We can now refer to these groups in our pattern. For example, let's replace our text so that it is in the format:

    FirstName LastName - Job Position
    
In the code below, the "\1" refers to the first captured group (i.e., the last name). The "\2" refers to the second captured group (i.e., the first name).

In [19]:
new_text = re.sub(r'([A-Z][a-z]+),\s([A-Z][a-z]+)', r'\2 \1', text)
print(new_text)

Michael Scott - Regional Manager
Dwight Schrute - Salesperson
Jim Halpert - Salesperson
Pam Beesly - Receptionist
Ryan Howard - Temp
Andy Bernard - Salesperson
Stanley Hudson - Salesperson
Kevin Malone - Accountant
Meredith Palmer - Supplier Relations
Angela Martin - Accountant
Oscar Martinez - Accountant
Phyllis Lapin - Salesperson
Kelly Kapoor - Customer Service
Toby Flenderson - Human Resources Representative
Creed Bratton - Quality Control
Darryl Philbin - Foreman



#### Exercise

You are given the following text string:

In [20]:
text = 'The student was taking ENG 101, ACC 200, FIN 101, and MTH 114.'

Do the following:

1. Obtain a list of all words (including numbers as "words") in the string.
2. Create a variable called `new_text` equal to `text` but replacing all numbers in the string with the word 'NUMBER'.
3. Obtain a list of all courses listed in the string where each course is 3 uppercase letters followed by a space and followed by three digits. Write your code without the "{}" symbols.
4. Repeat #3 but use the "{}" symbols in your pattern to repeat characters.
5. Use the .* symbols to obtain a list of all text that starts with 'student' and ends with '200' in the string.

#### Solution for # 1

In [21]:
test = re.findall(r'\w+', text)
print(test)

['The', 'student', 'was', 'taking', 'ENG', '101', 'ACC', '200', 'FIN', '101', 'and', 'MTH', '114']


#### Solution for # 2

In [22]:
new_text = re.sub(r'\d+', 'NUMBER', text)
new_text

'The student was taking ENG NUMBER, ACC NUMBER, FIN NUMBER, and MTH NUMBER.'

#### Solution for # 3

In [23]:
re.findall(r'[A-Z][A-Z][A-Z]\s[0-9][0-9][0-9]', text)
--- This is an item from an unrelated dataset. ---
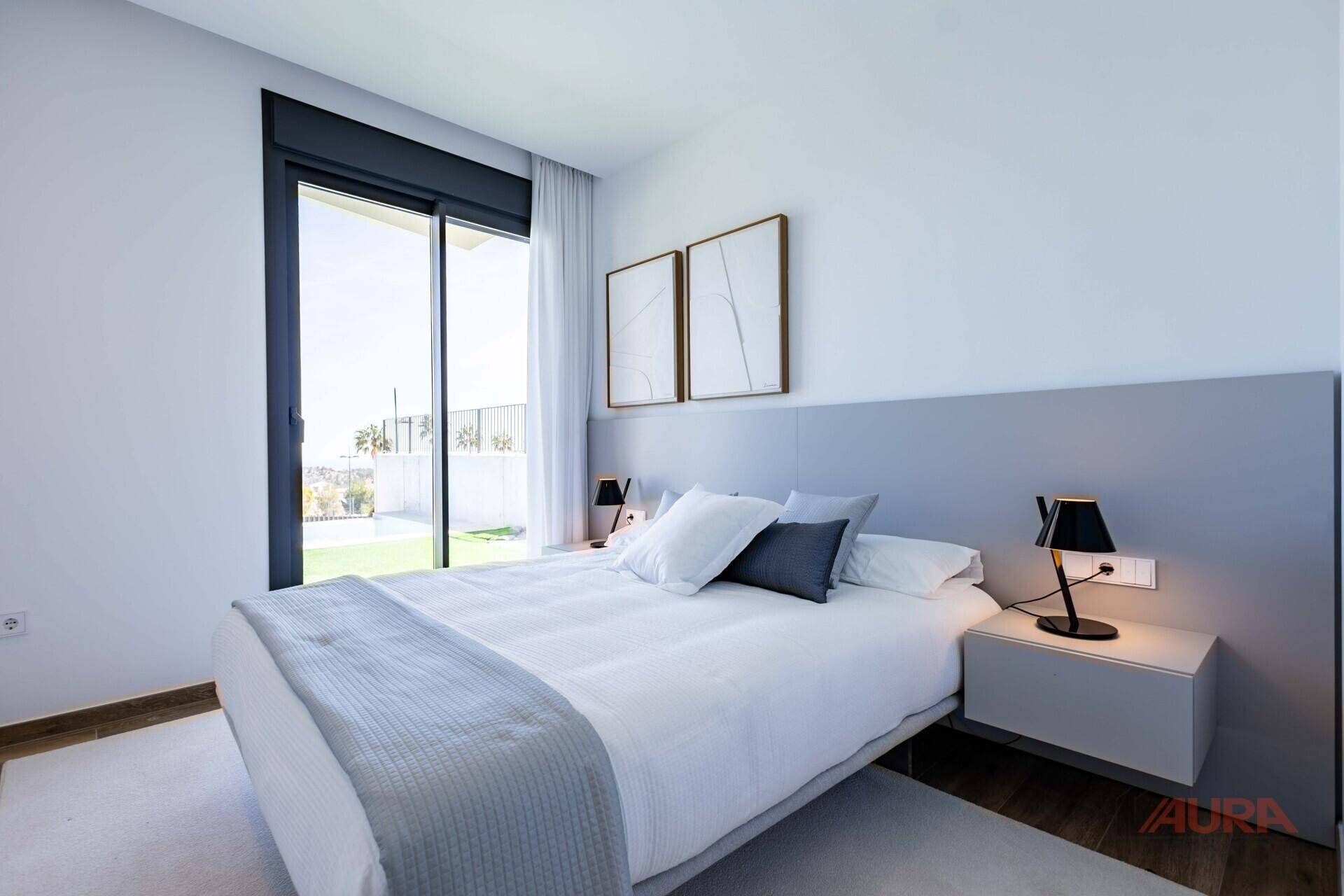Modernes Schlafzimmer mit großem Schiebefenster und direktem Zugang zum grünen Außenbereich.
['ENG 101', 'ACC 200', 'FIN 101', 'MTH 114']

#### Solution for # 4

In [24]:
re.findall(r'[A-Z]{3}\s[0-9]{3}', text)

['ENG 101', 'ACC 200', 'FIN 101', 'MTH 114']

#### Solution for # 5

In [25]:
re.findall(r'student .* 200', text)

['student was taking ENG 101, ACC 200']

#### Exercise - Regex Groups

You are given the following text string with phone numbers in the format XXX-XXX-XXXX:

In [26]:
text = """801-123-4567
706-124-8765
714-321-9876"""

Write some regex code that will capture three groups:

1. The area code
2. The first three digits
3. The last four digits

Use re.sub to replace the string so that the phone numbers are in the format (XXX)XXX-XXXX:

    (801)123-4567
    (706)124-8765
    (714)321-9876

#### Solution - Regex Groups

In [27]:
new_text = re.sub(r'([0-9]{3})-([0-9]{3})-([0-9]{4})', r'(\1)\2-\3', text)
print(new_text)

(801)123-4567
(706)124-8765
(714)321-9876